#### INFORMATION ####
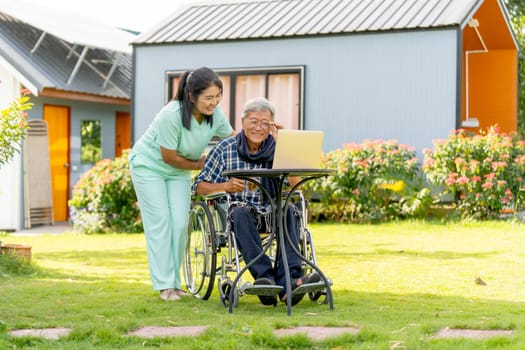 Wide shot of Asian nurse woman stand beside to take care senior man touch glassess and sit on wheelchair also stay to relax with laptop in the garden.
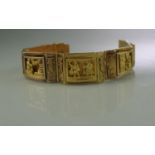 18CT GOLD WIDE HEAVY BRACELET of rectangular links with engraved scenes. Having clasp and safety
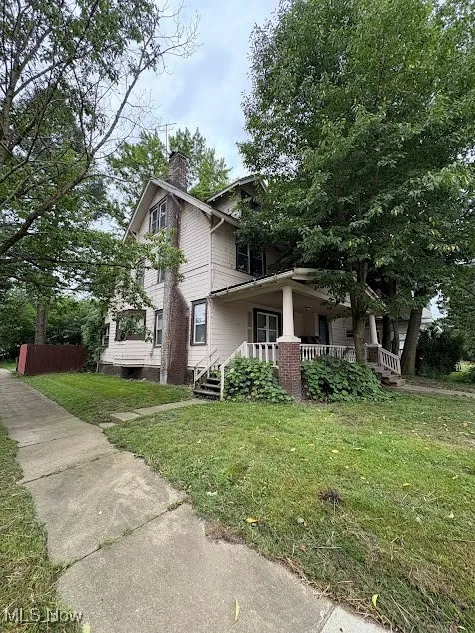 View of side of property with covered porch, a chimney, and a yard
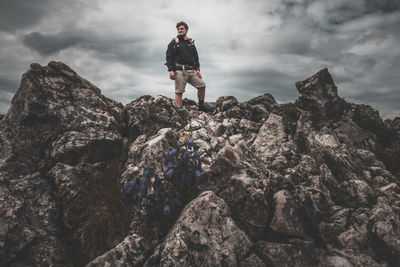 Man standing on rock formation against sky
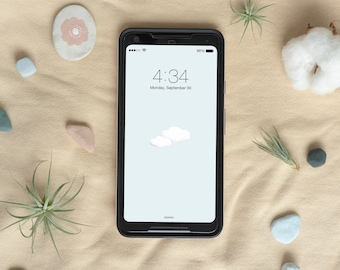 May include: A black smartphone with a white background and two white clouds on the screen. The time is 4:34 and the date is Monday, September 30. The phone is lying on a beige surface with small decorative objects around it.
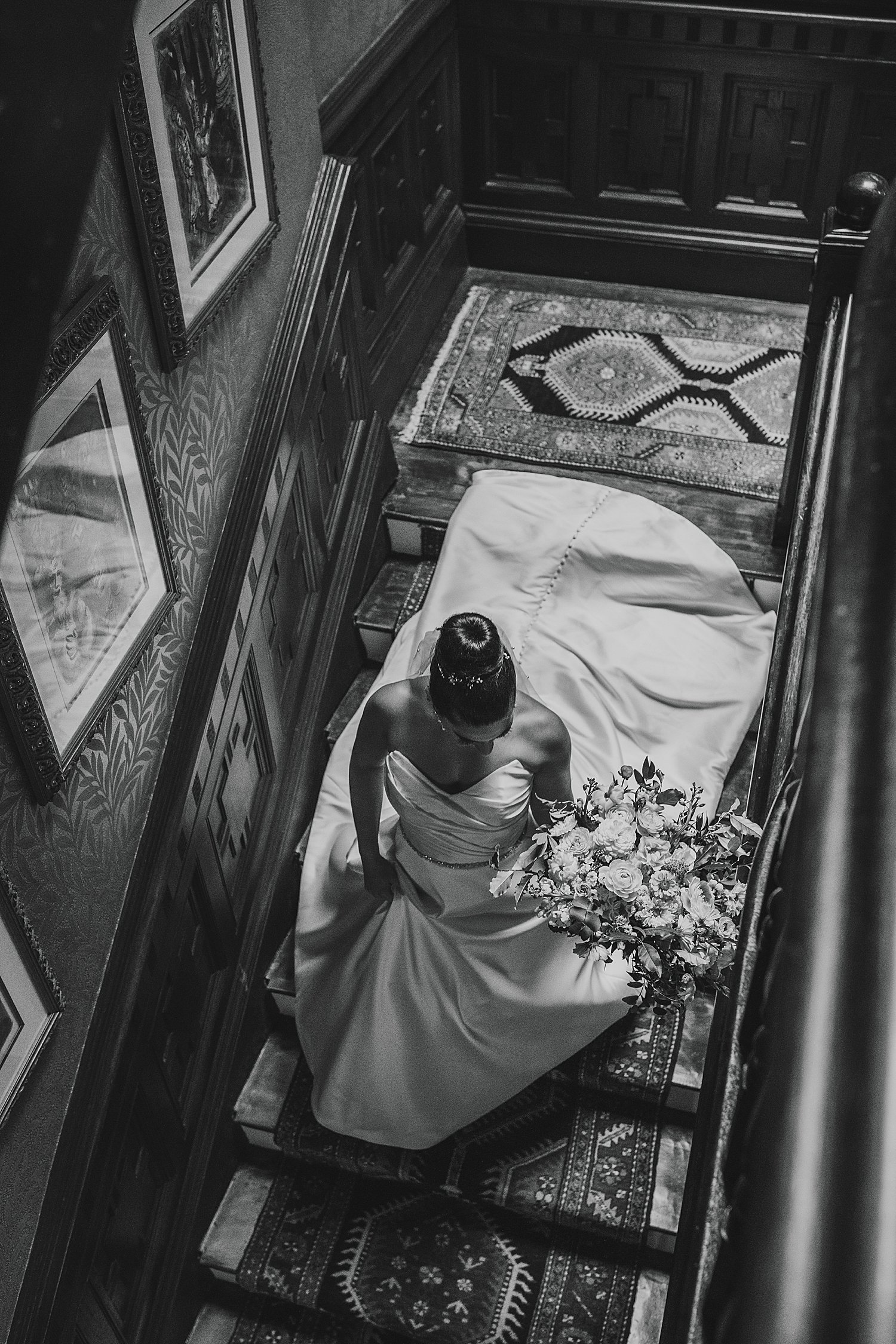 bride walks down carpeted stairs by Jen Harvey Photography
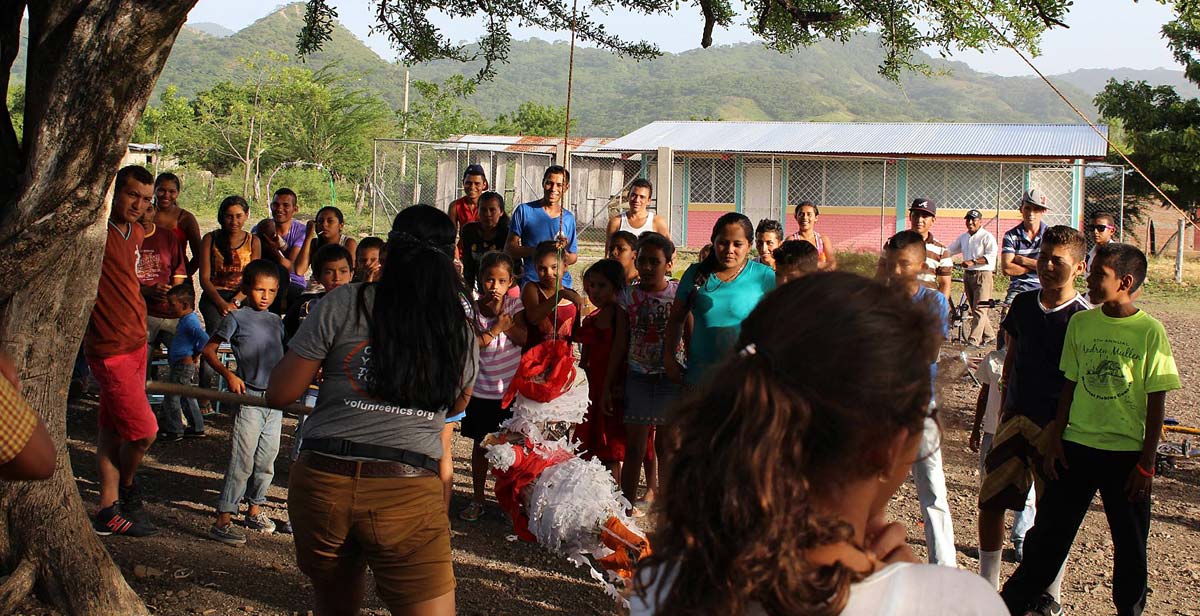 A game of piñata in the community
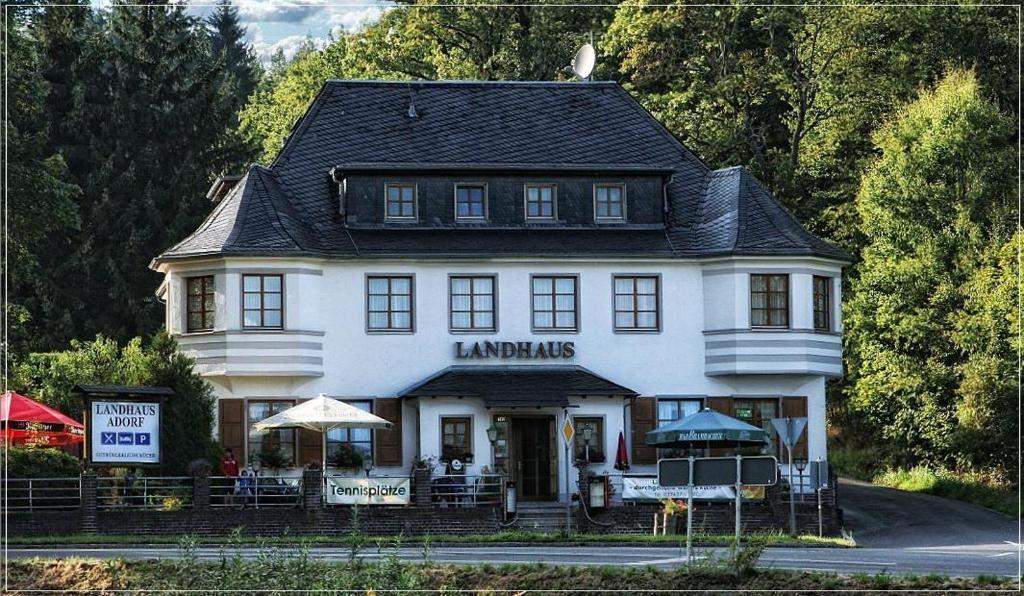 un grande edificio bianco con un cartello di fronte di Landhaus Adorf a Bad Elster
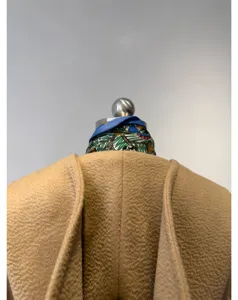 Camel wool hooded coat detail view, classic camel hair textured fabric shoulder design.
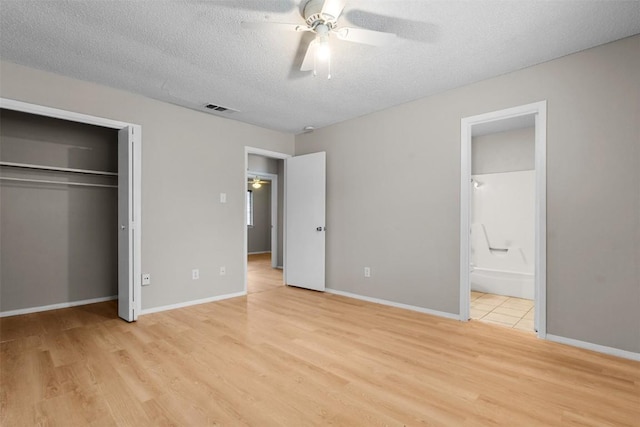 unfurnished bedroom with a closet, a textured ceiling, light wood-type flooring, and ensuite bath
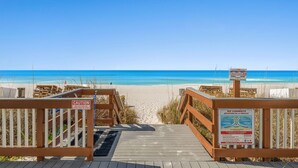 A wooden boardwalk leading to a beach with clear blue water, a caution sign, and a rip current warning sign. - NEW! Tide's End Getaway (Panama City Beach)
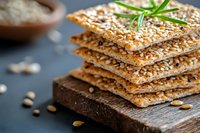 Crispy whole grain crackers with sesame seeds stacked on wooden board, garnished with fresh rosemary sprig. Healthy snack food photography on dark background.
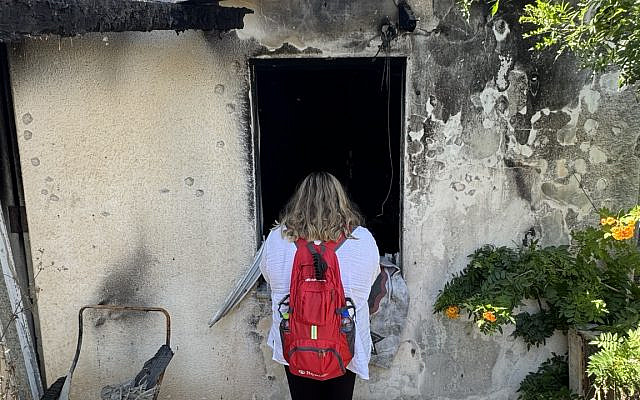 The author bearing witness at a destroyed neighborhoood within a kibbutz in the Gaza envelope, May 2024. The author bearing witness at a destroyed neighborhoood within a kibbutz in the Gaza envelope, May 2024.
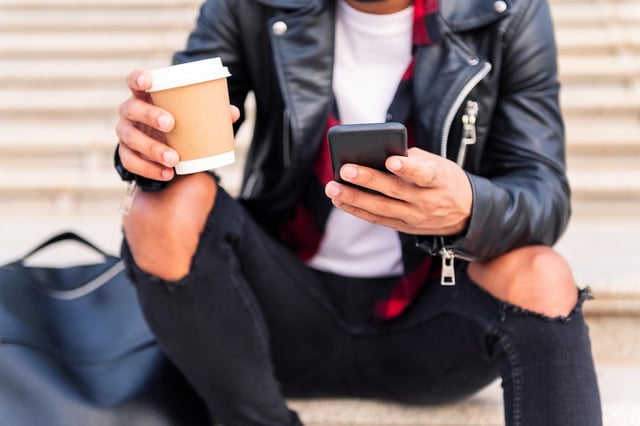 A man wearing a leather jacket and ripped black jeans holds a mobile phone in one hand and a coffee in the other.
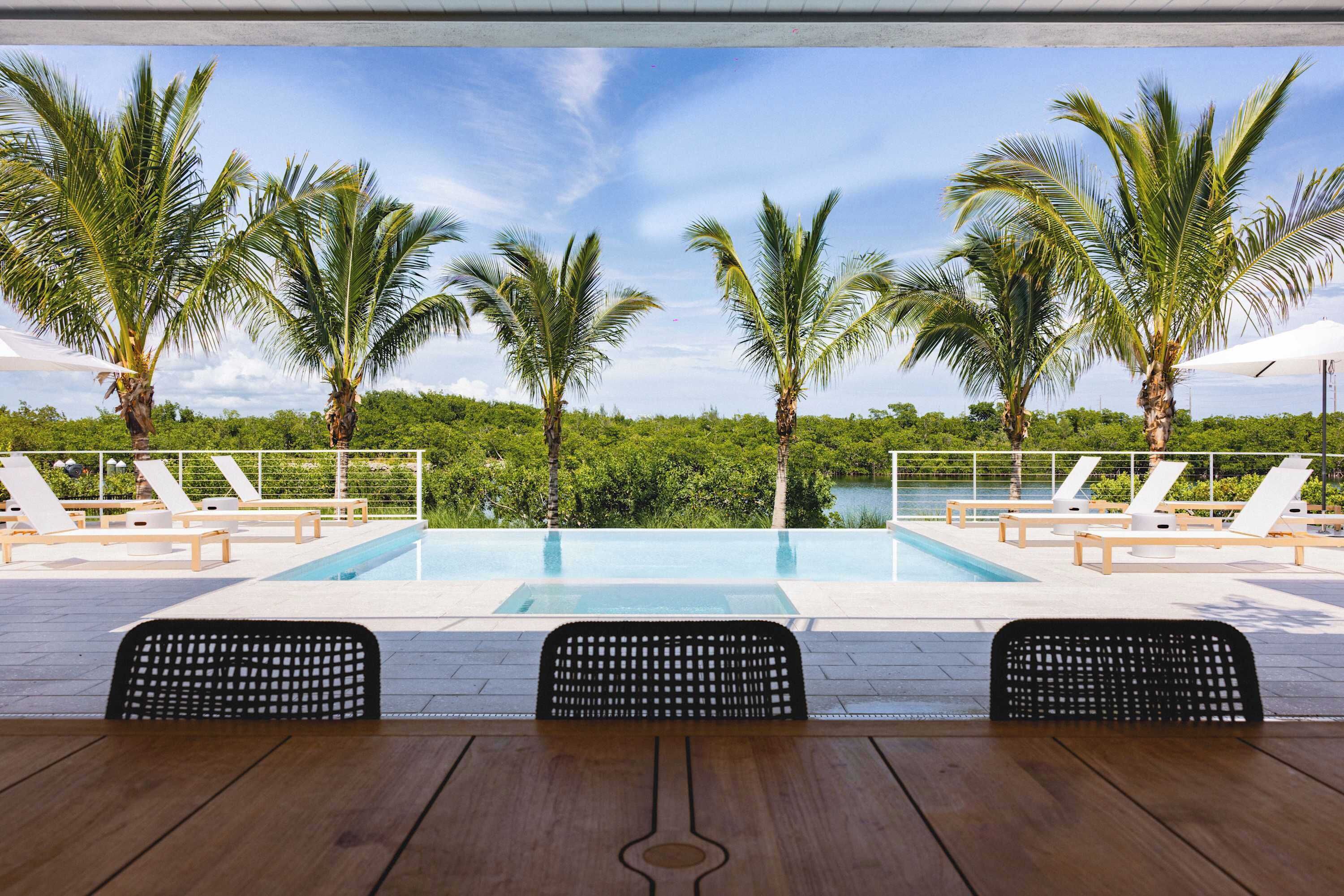 A poolside area with lounge chairs, a wooden table, and palm trees.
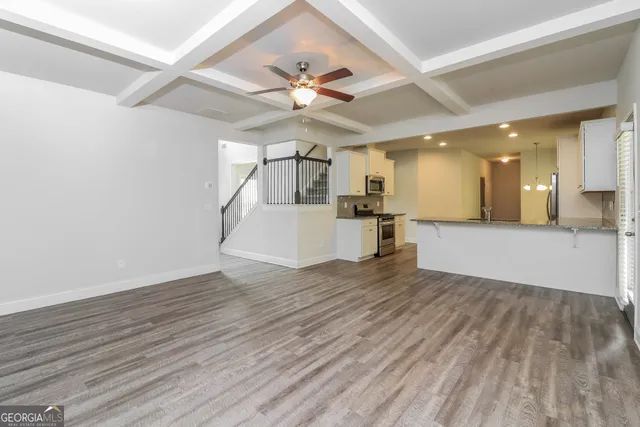 a view of a kitchen with a dishwasher and wooden floor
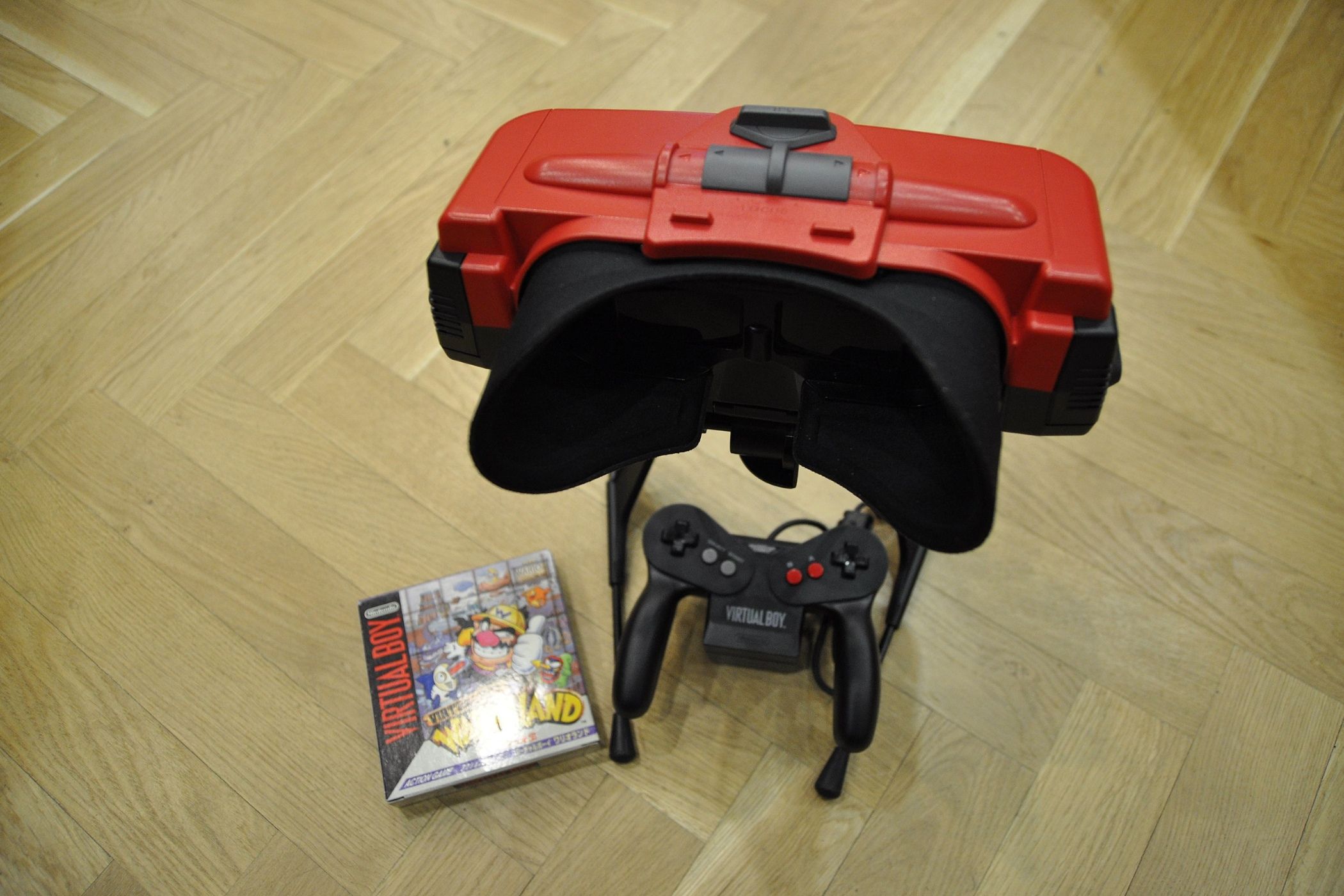 Nintendo Virtual Boy with a game box on the floor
####
Return the material above verbatim. Pictures are to be excluded.

 Wide shot of Asian nurse woman stand beside to take care senior man touch glassess and sit on wheelchair also stay to relax with laptop in the garden.
 18CT GOLD WIDE HEAVY BRACELET of rectangular links with engraved scenes. Having clasp and safety
 View of side of property with covered porch, a chimney, and a yard
 Man standing on rock formation against sky
 May include: A black smartphone with a white background and two white clouds on the screen. The time is 4:34 and the date is Monday, September 30. The phone is lying on a beige surface with small decorative objects around it.
 bride walks down carpeted stairs by Jen Harvey Photography
 A game of piñata in the community
 un grande edificio bianco con un cartello di fronte di Landhaus Adorf a Bad Elster
 Camel wool hooded coat detail view, classic camel hair textured fabric shoulder design.
 unfurnished bedroom with a closet, a textured ceiling, light wood-type flooring, and ensuite bath
 A wooden boardwalk leading to a beach with clear blue water, a caution sign, and a rip current warning sign. - NEW! Tide's End Getaway (Panama City Beach)
 Crispy whole grain crackers with sesame seeds stacked on wooden board, garnished with fresh rosemary sprig. Healthy snack food photography on dark background.
 The author bearing witness at a destroyed neighborhoood within a kibbutz in the Gaza envelope, May 2024. The author bearing witness at a destroyed neighborhoood within a kibbutz in the Gaza envelope, May 2024.
 A man wearing a leather jacket and ripped black jeans holds a mobile phone in one hand and a coffee in the other.
 A poolside area with lounge chairs, a wooden table, and palm trees.
 a view of a kitchen with a dishwasher and wooden floor
 Nintendo Virtual Boy with a game box on the floor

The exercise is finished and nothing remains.